Directions for this task :: Give the whole listing below once more, exactly, without pictures.

Dataset content ::
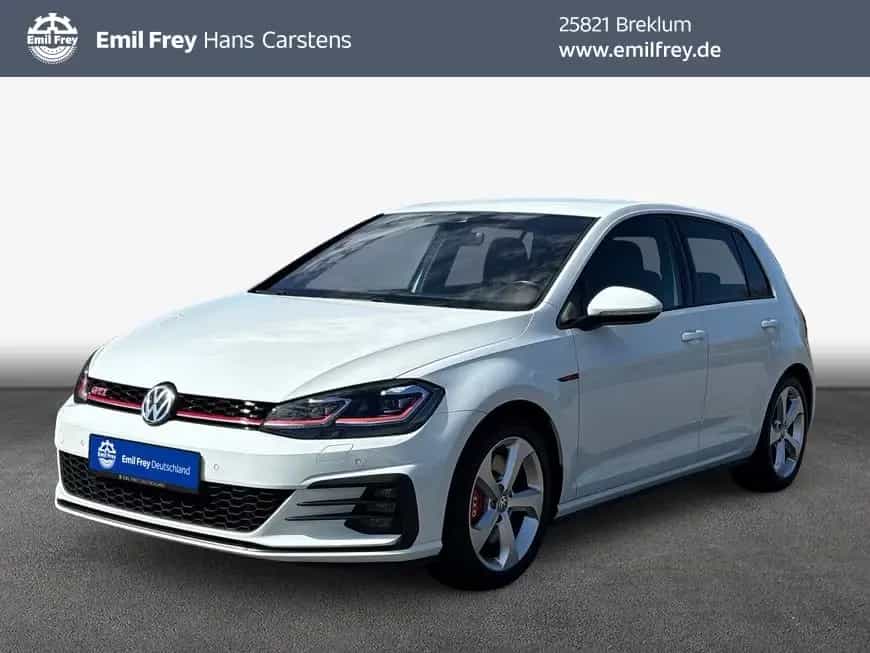 Volkswagen Golf GTI 2,0 TSI DSG Performance AHK Kamera ACC 05/2020-photo-0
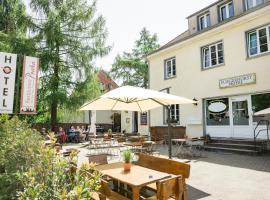 Fliegerhorst, hotel poblíž Mezinárodní letiště Drážďany - DRS, 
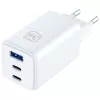 3MK laadija Hyper GaN 65W QC4+ — USB GaN 65W kiirlaadija QC4+ toega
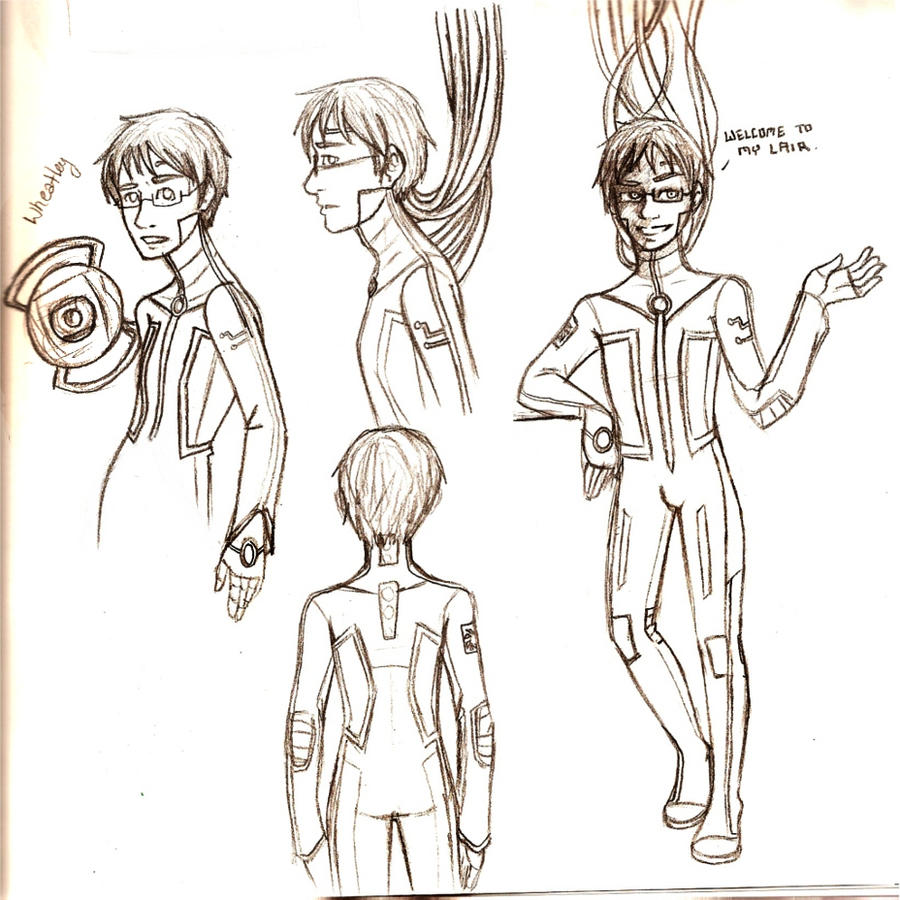 Portal - Wheatley sketchdump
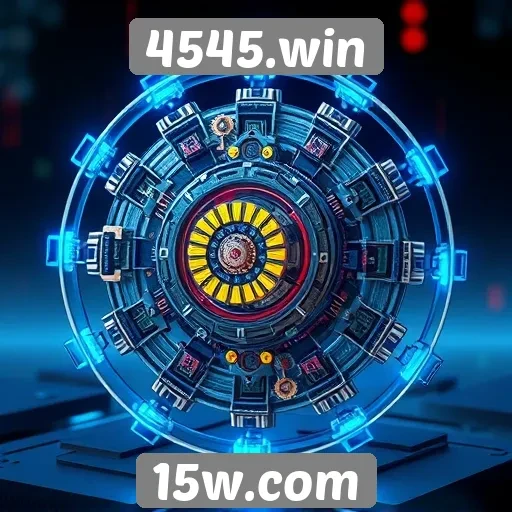 Exploração das mecânicas de jogo em 4545.win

Solution ::
 Volkswagen Golf GTI 2,0 TSI DSG Performance AHK Kamera ACC 05/2020-photo-0
 Fliegerhorst, hotel poblíž Mezinárodní letiště Drážďany - DRS, 
 3MK laadija Hyper GaN 65W QC4+ — USB GaN 65W kiirlaadija QC4+ toega
 Portal - Wheatley sketchdump
 Exploração das mecânicas de jogo em 4545.win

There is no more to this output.